Mi padre se volvió, y detrás de él estaba el rey Dartmoor, con su corona y su túnica azul. El rey me saludó con la cabeza.
—El príncipe Rikers ha hablado largo y tendido sobre el suceso, Attica. Supongo que no tardaremos en ver una nueva novela.
«Maravilloso», pensé.
—Bueno —repuso mi padre—, supongo que..., bueno, esto lo cambia todo...
—¿Qué significa eso de darle Talentos a todo el mundo, Attica? —quiso saber el rey—. ¿De verdad te parece juicioso? Por lo que he oído, los Talentos de los Smedry pueden ser muy imprevisibles.
—Podemos controlarlos —respondió mi padre, agitando de nuevo la mano con indiferencia—. Ya sabéis cómo sueña la gente con tener nuestros poderes. Pues bien, yo seré el que haga realidad esos sueños.
Así que de eso iba todo: mi padre quería asegurar su legado. Sería el héroe que logró que todos pudieran contar con un Talento.
Pero, si todos tenían un Talento de los Smedry..., ¿qué pasaba con nosotros? Ya no seríamos los únicos con ellos. La idea me mareó un poco.
Sí, sé que es egoísta, pero así fue como me sentí. Creo que quizá sea ese el resumen final del libro: después de tantas dificultades, después de tanta lucha para ayudar a los Reinos Libres, seguía siendo lo bastante egoísta como para querer quedarme los Talentos solo para mí.
Porque los Talentos eran lo que nos hacía especiales, ¿no?
—Tendré que pensar más sobre el tema —dijo mi padre—. Al parecer, habrá que buscar ese libro. Aunque signifique enfrentarse a... ella.
Saludó a los reyes con la cabeza y se alejó. Esbozó una sonrisa para recibir a la prensa, pero me daba cuenta de su preocupación. La desaparición del libro le había fastidiado los planes.
«Bueno —pensé—, ¡debería haber prestado más atención!»
Sabía que era una estupidez, pero no podía evitar la sensación de haberle fallado.
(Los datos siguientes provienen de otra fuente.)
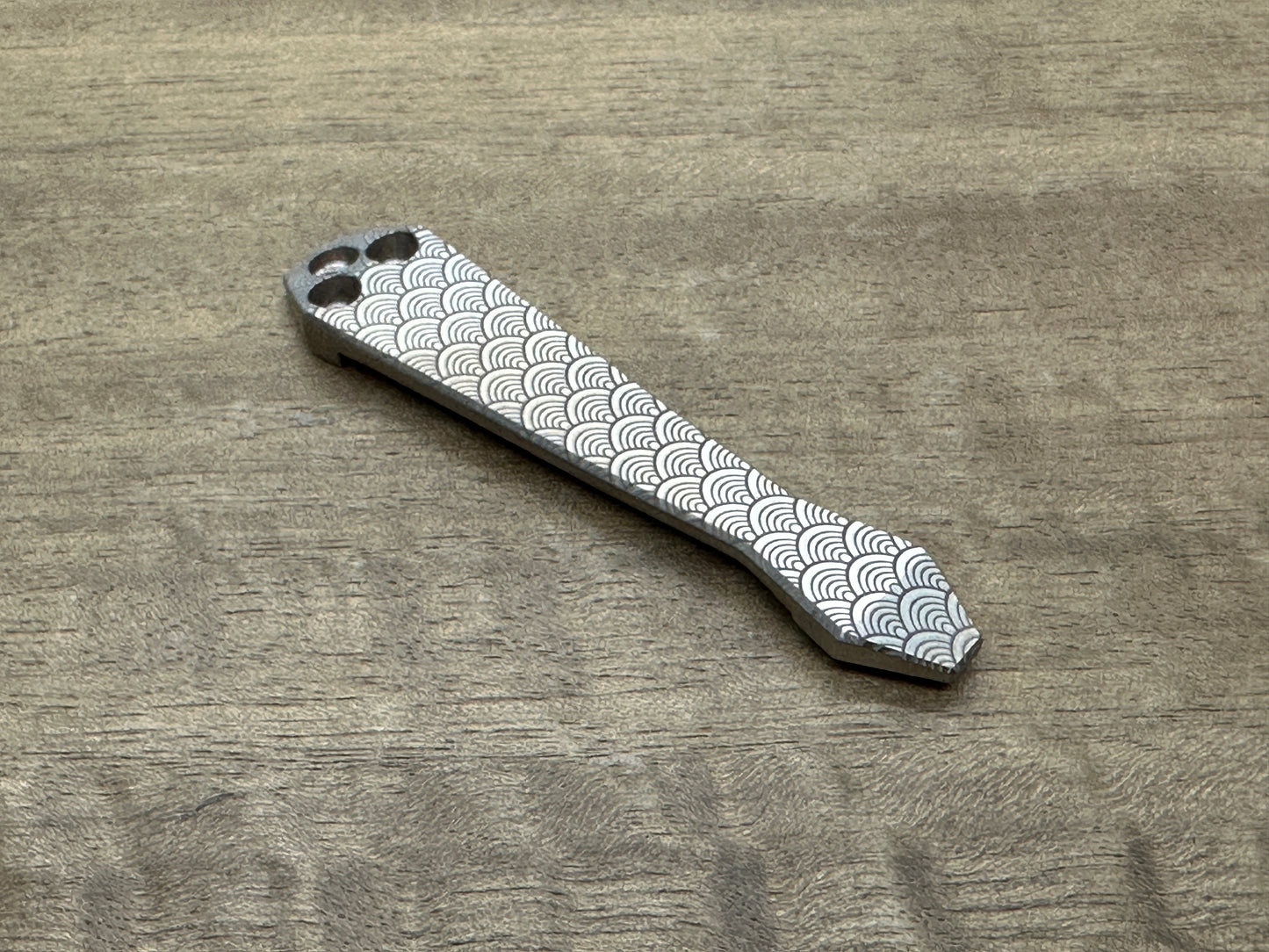 SEIGAIHA engraved Dmd Titanium CLIP for most Spyderco models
De que era culpa mía. Intenté quitarme la idea de la cabeza mientras regresaba con mi abuelo y los demás.
¿Habrían sido mis padres alguna vez como Himalaya y Folsom? ¿Radiantes, cariñosos y emocionados? De ser así, ¿qué había salido mal? Himalaya era una Bibliotecaria, y Folsom, un Smedry. ¿Estaban condenados al mismo destino que mis padres?
Y Talentos de los Smedry para todos. Recordé de nuevo las palabras que había leído en la pared de la tumba de Alcatraz I:
Nuestros deseos nos han hecho caer bajo. Quisimos alcanzar los poderes de la eternidad y otorgárnoslos, pero con ellos hemos traído algo que no pretendíamos...
La maldición de los incarna. Lo que retuerce, lo que corrompe, lo que destruye.
El Talento Oscuro.
Me daba igual adónde se dirigiera mi padre en su obsesión por descubrir cómo «fabricar» Talentos: estaba decidido a seguirlo. Observaría su actividad y me aseguraría de que no hiciera nada demasiado imprudente.
Debía estar preparado para detenerlo, en caso necesario.